• Problem requirements: Could you restate the entries below word for word and leave out the pictures?

• Data for this exercise:
-=-=-

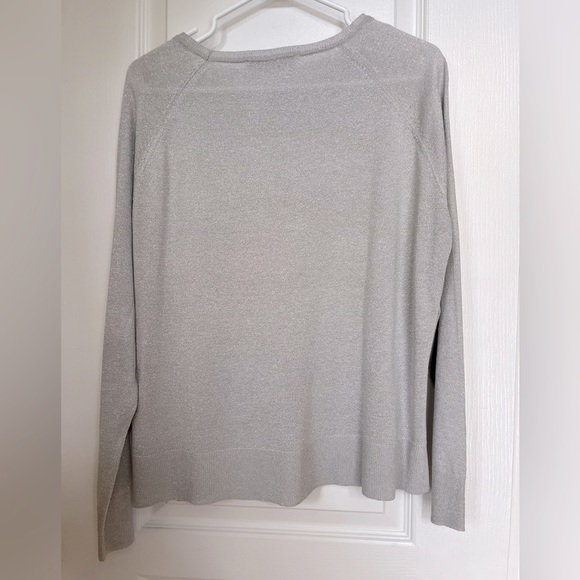 Zara top round neckline-long sleeve-grey with metallic fibers-new, never worn - Picture 4 of 11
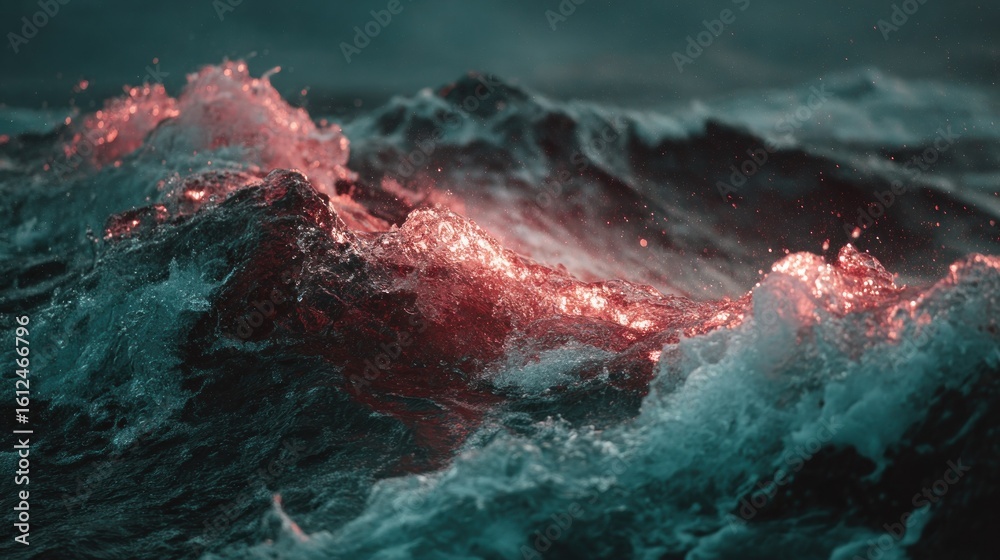 Obraz premium Fiery waves crash on dark sea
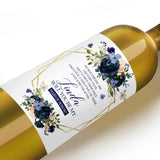 Navy Flowers with Blush Bridesmaid Proposal Wine Label - XOXOKristen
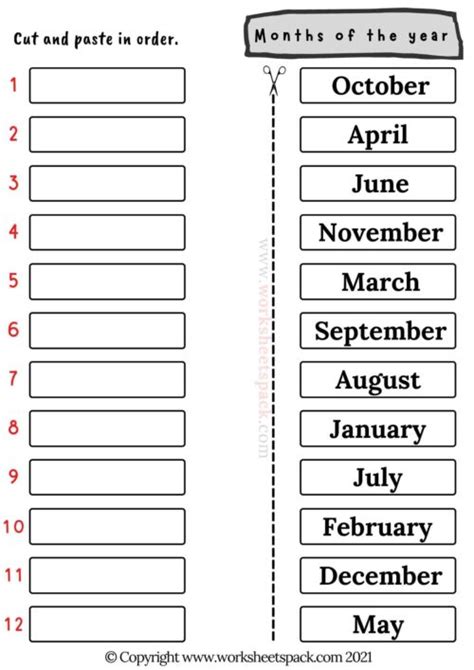 Months Of The Year Activities Pdf Worksheetspack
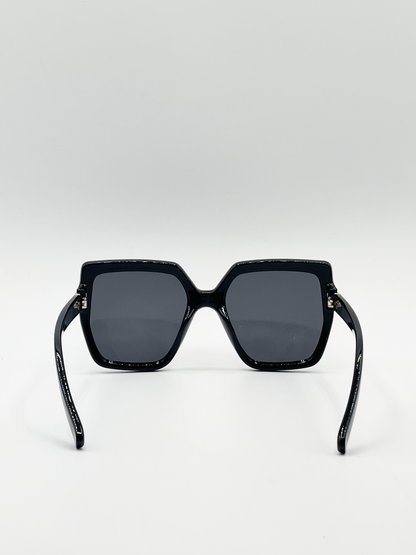 Oversize Cateye Sunglasses with Diamante Detail in Black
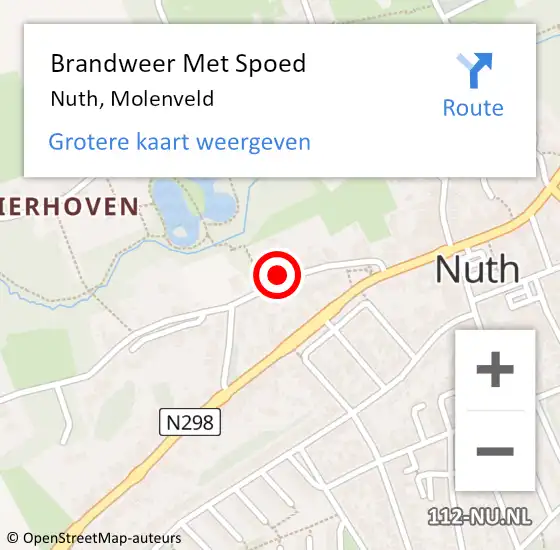 Locatie op kaart van de 112 melding: Brandweer Met Spoed Naar Nuth, Molenveld op 30 april 2018 20:14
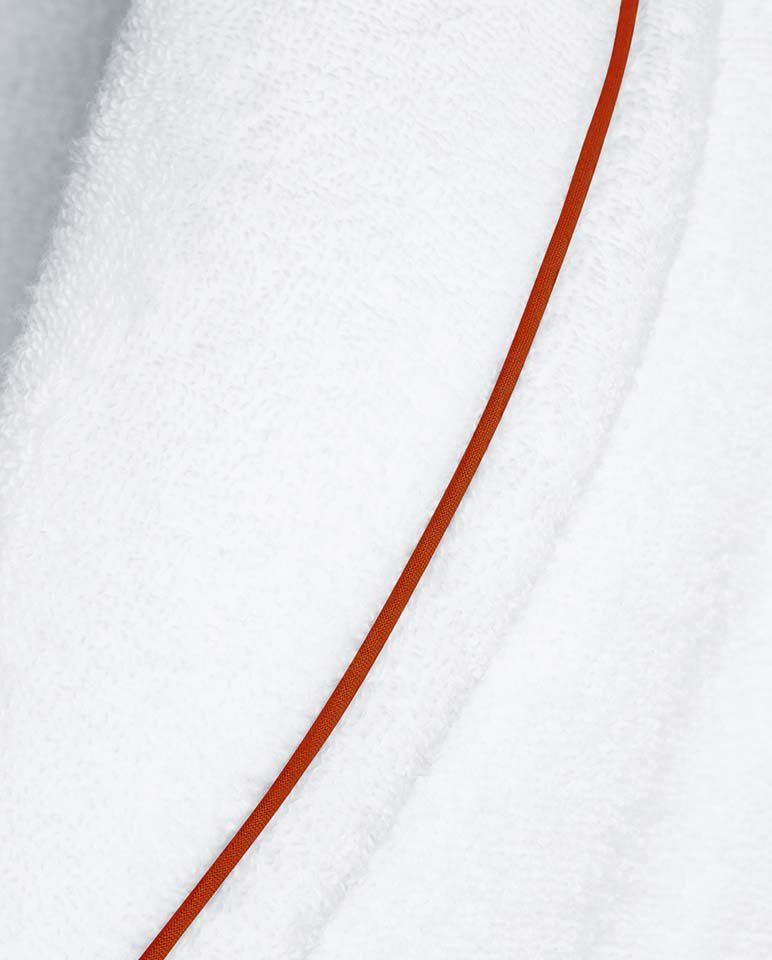 Peignoir de bain Finition Liseré | Blanc Liseré Rouge Basque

-=-=-

• Exercise response:
 Zara top round neckline-long sleeve-grey with metallic fibers-new, never worn - Picture 4 of 11
 Obraz premium Fiery waves crash on dark sea
 Navy Flowers with Blush Bridesmaid Proposal Wine Label - XOXOKristen
 Months Of The Year Activities Pdf Worksheetspack
 Oversize Cateye Sunglasses with Diamante Detail in Black
 Locatie op kaart van de 112 melding: Brandweer Met Spoed Naar Nuth, Molenveld op 30 april 2018 20:14
 Peignoir de bain Finition Liseré | Blanc Liseré Rouge Basque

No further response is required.